Short descriptive text snippets

================================

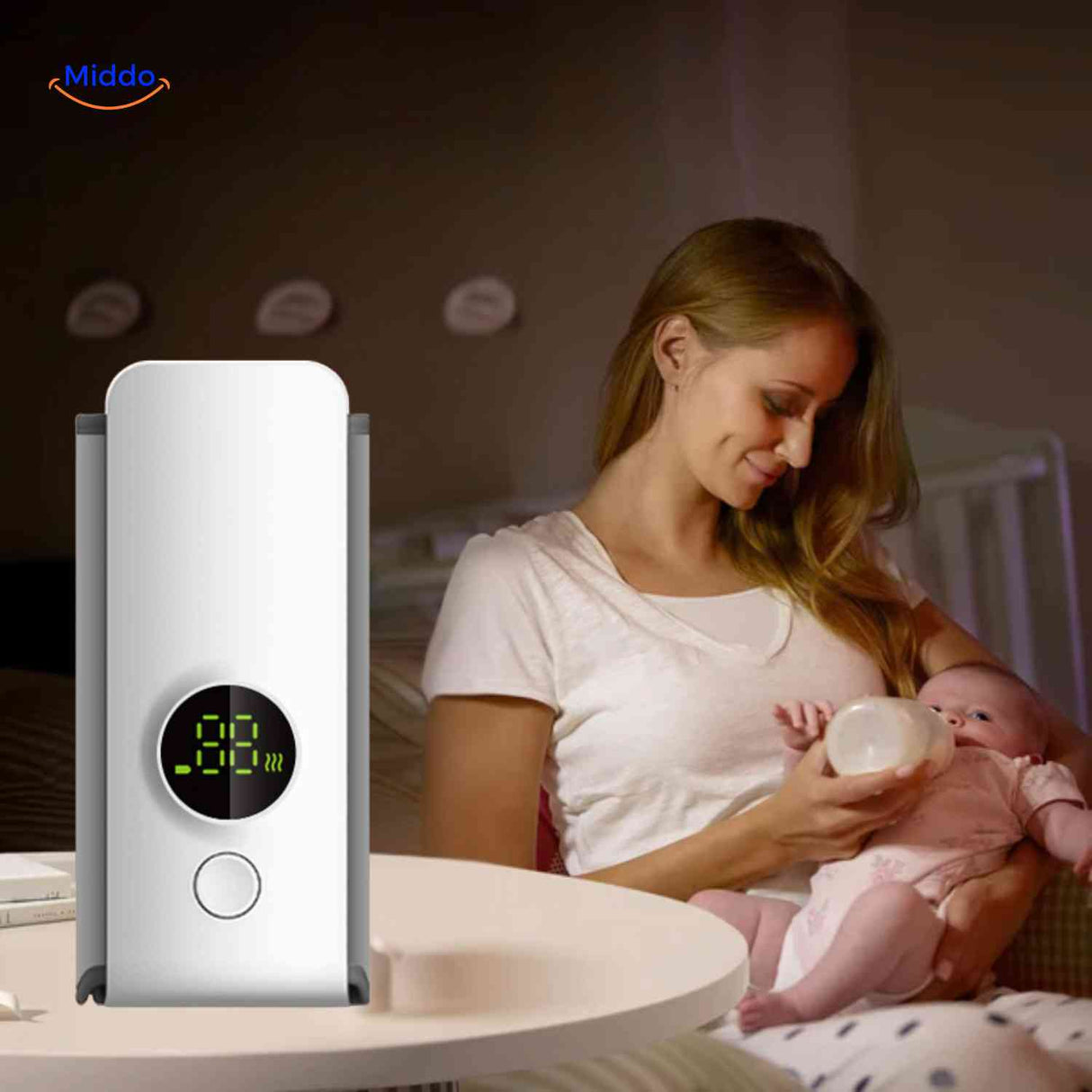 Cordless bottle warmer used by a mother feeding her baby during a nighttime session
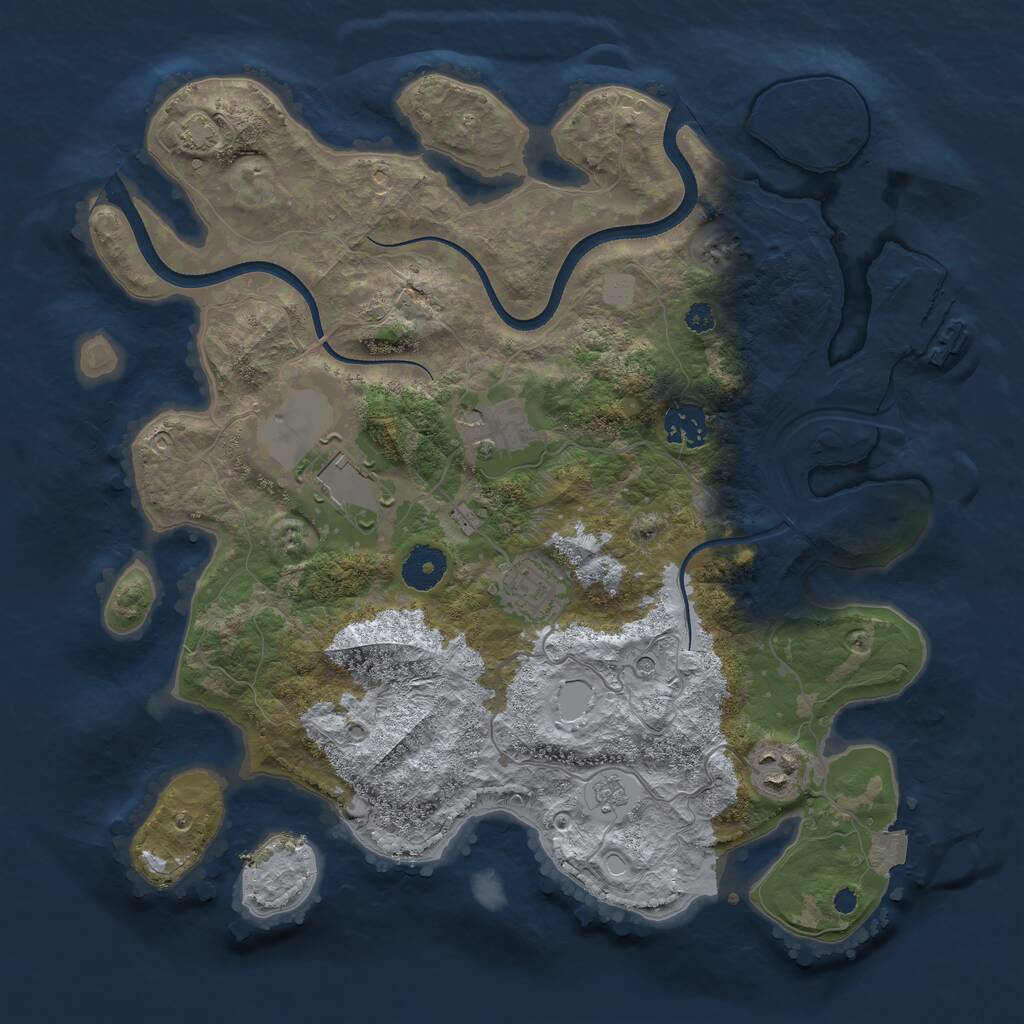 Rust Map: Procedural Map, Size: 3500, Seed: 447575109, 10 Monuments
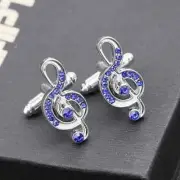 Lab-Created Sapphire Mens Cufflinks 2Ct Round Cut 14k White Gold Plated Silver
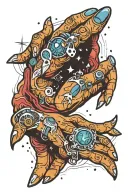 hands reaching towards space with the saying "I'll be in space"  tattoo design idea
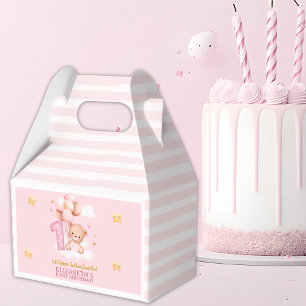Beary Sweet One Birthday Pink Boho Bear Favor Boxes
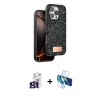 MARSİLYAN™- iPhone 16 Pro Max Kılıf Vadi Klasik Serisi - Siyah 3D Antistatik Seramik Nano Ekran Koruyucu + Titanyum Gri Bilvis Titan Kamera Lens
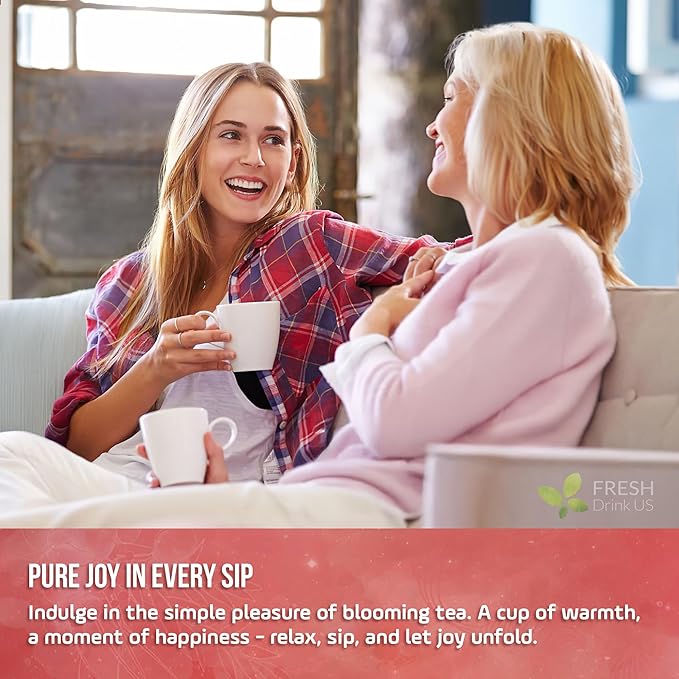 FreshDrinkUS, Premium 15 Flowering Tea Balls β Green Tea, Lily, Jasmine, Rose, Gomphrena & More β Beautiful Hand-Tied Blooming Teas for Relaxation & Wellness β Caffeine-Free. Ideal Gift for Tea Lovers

================================

▶ _TASK BRIEF_
All the lines above are to be given again exactly as they read, with the pictures removed.

▶ _FINISHED EXERCISE_
 Cordless bottle warmer used by a mother feeding her baby during a nighttime session
 Rust Map: Procedural Map, Size: 3500, Seed: 447575109, 10 Monuments
 Lab-Created Sapphire Mens Cufflinks 2Ct Round Cut 14k White Gold Plated Silver
 hands reaching towards space with the saying "I'll be in space"  tattoo design idea
Beary Sweet One Birthday Pink Boho Bear Favor Boxes
 MARSİLYAN™- iPhone 16 Pro Max Kılıf Vadi Klasik Serisi - Siyah 3D Antistatik Seramik Nano Ekran Koruyucu + Titanyum Gri Bilvis Titan Kamera Lens
 FreshDrinkUS, Premium 15 Flowering Tea Balls β Green Tea, Lily, Jasmine, Rose, Gomphrena & More β Beautiful Hand-Tied Blooming Teas for Relaxation & Wellness β Caffeine-Free. Ideal Gift for Tea Lovers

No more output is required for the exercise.